Being a DevOps and SRE minded person professionally has a big benefit when it comes to home automation. Im constantly looking for ways to make my home automation more efficient and easier to manage. One of the important things to consider in your home automation is observability this usually comes via a some sort of Dashboard usually this is an application or two you use to interact with your smart devices. But as your ecosystem grows and more devices are brought online you need a way to see the full landscape at once. To achieve this I use a combination of Docker Containers running Grafana and InfluxDB.
InfluxDB is a free open source time-series database that helps store and organize data in a way that makes it easy to analyze and visualize. It is commonly used in IoT solutions, where it can collect data from various smart devices and provide a centralized view of the information for better understanding and control. When I started using InfluxDB I decided that my approach was one bucket purpose. So capturing data for my home computer is one bucket and capturing data for my network is another overtime this has grown two ways a large amount of buckets. To visualize and alert on the data I use Grafana.
Grafana another free open source tool is a powerful data visualization and monitoring tool used to display data in an interactive and appealing manner. It allows you to create customizable dashboards, charts, and graphs, making it easier to understand complex information. To better use these features you need data sources and instead manually setting up each data source manually I prefer to use Infrastructure as code tools like Terraform to be able to create and manage a large number of data sources within my Grafana instance.
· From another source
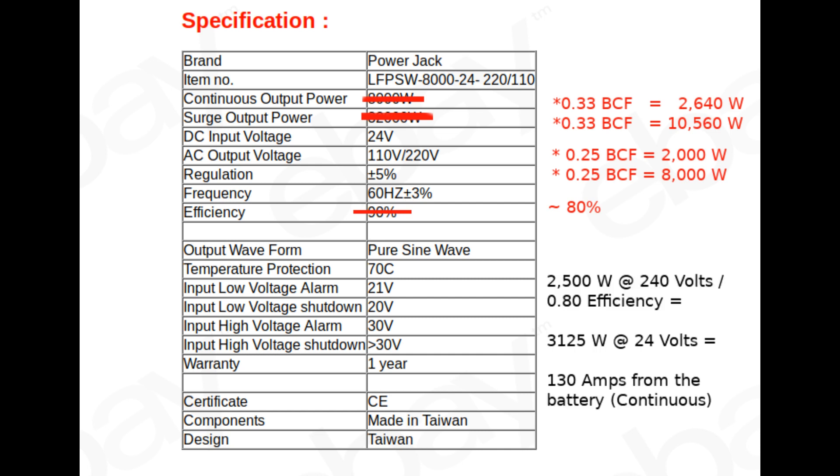I should also note that I don't believe the 90% efficiency numbers at all, and I'm planning on an 80% efficient inverter, which would make the 2,500-watt draw from the well pump into a 130-amp draw from the 24-volt battery. Keep watching this playlist to find out if the PowerJack inverter actually works for powering my well pump.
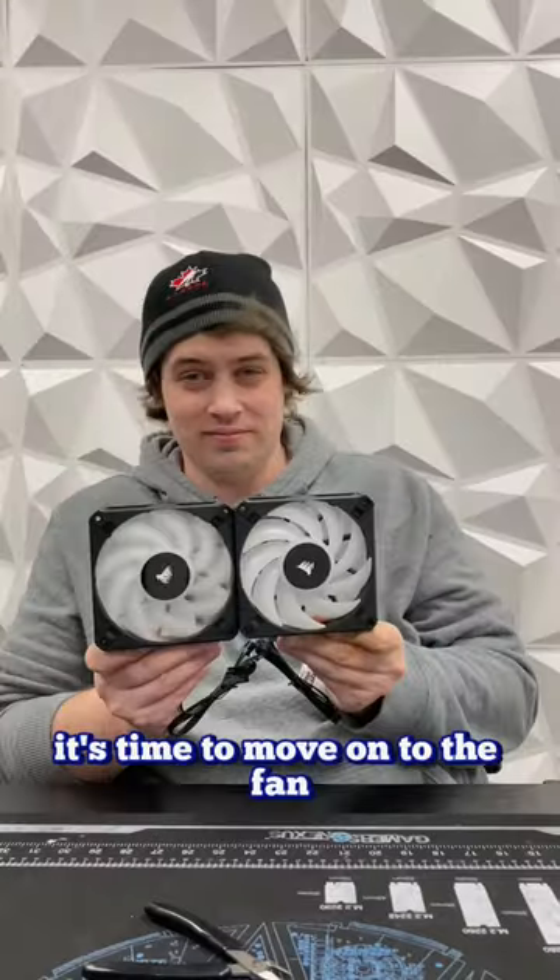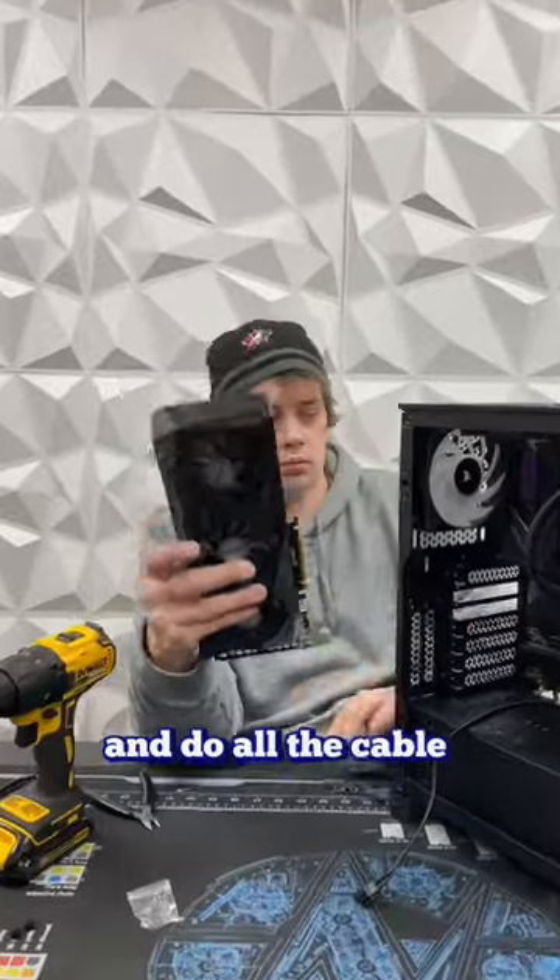Once it's inside the case, it's time to move on to the fans. Once Travis is chilly, it's time to move on to the power supply and do all the cable management.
After deploying my first two buckets by copying and pasting, I realized it would be more efficient to create a module that can cycle through a list of database names for the buckets. And that’s why you’re reading this post!
I’m thrilled to share my first Terraform Module that utilizes the Grafana provider to deploy InfluxDB data sources in a more effective manner. This module supports Grafana OSS, Cloud, and Managed Grafana on Azure, as well as InfluxDB data sources running on premises and InfluxDB Cloud. You can find it in the Terraform Registry at the following link: Terraform Registry Link. Over the next month I’ll continue to import more the IaC management of my Grafana instance into Terraform and will continue to create and release new modules when appropriate.